The European Union has been recording a growing trade surplus with itself and a trade surplus with the rest of the world. It experienced a trade surplus in its current account amounting to about 1.2% of its GDP. 12 of its members had a goods surplus while 23 members had a services surplus in relation to the rest of the world. The European Union generally records a capital account deficit as it transfers its financial assets to the rest of the world and the countries that contributed to the large capital account deficit are the United Kingdom and Ireland. The financial account also recorded a surplus with 19 members regarded as net lenders and 9members regarded as net borrowers to the world. As such the balance of payments account of the European Union indicates that the union is in a position of economic growth marked by surpluses in its current and financial accounts.
After the 2007-2008 financial and economic crisis, the European Union launched and put in place new policies and proposals to boost its economic recovery (Balance of Payments Statistics-Statistics Explained 2019). This trend of E.U. experiencing trade surpluses with a favorable balance of payments is expected to continue into the future given the measures European Union has put in place.
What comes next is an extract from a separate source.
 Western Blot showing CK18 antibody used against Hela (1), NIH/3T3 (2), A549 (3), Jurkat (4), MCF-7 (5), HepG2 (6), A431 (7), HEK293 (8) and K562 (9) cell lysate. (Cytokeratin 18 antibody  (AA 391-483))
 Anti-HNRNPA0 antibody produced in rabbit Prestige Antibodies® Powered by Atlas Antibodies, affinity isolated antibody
The E.U. has put up trade policies that include: trade agreements with other countries who are not part of the E.U. to open up new markets which will lead to increased trade opportunities for the E.U. companies, trade regulations that protect E.U. producers from unhealthy and unfair competition, E.U. countries are members of both the World Trade Organization (W.T.O), which puts up international trade rules, and European Commission which negotiates on its behalf. The main aim of these trade policies is to encourage sustainable development.
The European Union also made trade agreements with non E.U. countries aimed at ensuring better opportunities for trade, reducing barriers to trade and ensuring investment (European Parliament, Making the most of globalization: EU trade policy explained, 2019).Additionally, the E.U. has also put in place rules that protect their companies against unfair trade practices such as dumping and subsidies that make prices of European products artificially higher than that of non E.U. products.
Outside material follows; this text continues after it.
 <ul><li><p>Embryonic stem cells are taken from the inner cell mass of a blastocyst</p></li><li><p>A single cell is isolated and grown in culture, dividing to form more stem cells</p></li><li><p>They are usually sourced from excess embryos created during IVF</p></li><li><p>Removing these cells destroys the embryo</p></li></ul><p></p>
It is paramount to mention that these measures have helped establish and solidify the E.U. as an important block globally in the world trade. Therefore, the recent observed trends of growing trade deficits and favorable balance of payments for the E.U. should be expected to continue into the future.
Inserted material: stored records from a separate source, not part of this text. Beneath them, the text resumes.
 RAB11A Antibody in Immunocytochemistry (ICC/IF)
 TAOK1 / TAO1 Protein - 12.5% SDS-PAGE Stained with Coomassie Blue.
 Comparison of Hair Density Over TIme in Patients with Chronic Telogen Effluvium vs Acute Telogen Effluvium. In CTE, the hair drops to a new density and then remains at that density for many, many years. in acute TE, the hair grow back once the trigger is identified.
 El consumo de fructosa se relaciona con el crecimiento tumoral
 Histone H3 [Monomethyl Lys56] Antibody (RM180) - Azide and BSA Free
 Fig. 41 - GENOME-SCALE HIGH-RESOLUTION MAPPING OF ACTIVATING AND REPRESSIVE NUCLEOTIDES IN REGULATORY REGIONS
The United States on the other hand, has been able to safely run persistent external deficits for a long period of time and this has to do with its currency holding the status of being the world’s reserve currency. The dollar provides the rest of the world with liquidity and it is globally used as a safe storage of assets. Therefore, the United States holds a special place in the global economy.
When the US imports good and invests in other countries, it pays in dollars. The other countries in turn purchase US’ exports and invest in the US with some the dollars received and keep the rest. If the other countries were to use all the dollars they received then the US would have no trade deficit. As long as growth in the US is slower than that of the rest of the countries in the world, the demand for its currency increases. It will have to either borrow more and more to finance its purchases or sell more of its assets (Guilford, Purtill 2018).Therefore, there is a tradeoff between running external deficits and being a reserve currency. The US must therefore always run persistent external deficits to ensure that the global financial system and trade has enough supply of dollars or give up its currency’s position of being a reserve currency to avoid running an external deficit. The running of a persistent external deficit by the US can therefore be termed as being structural in nature.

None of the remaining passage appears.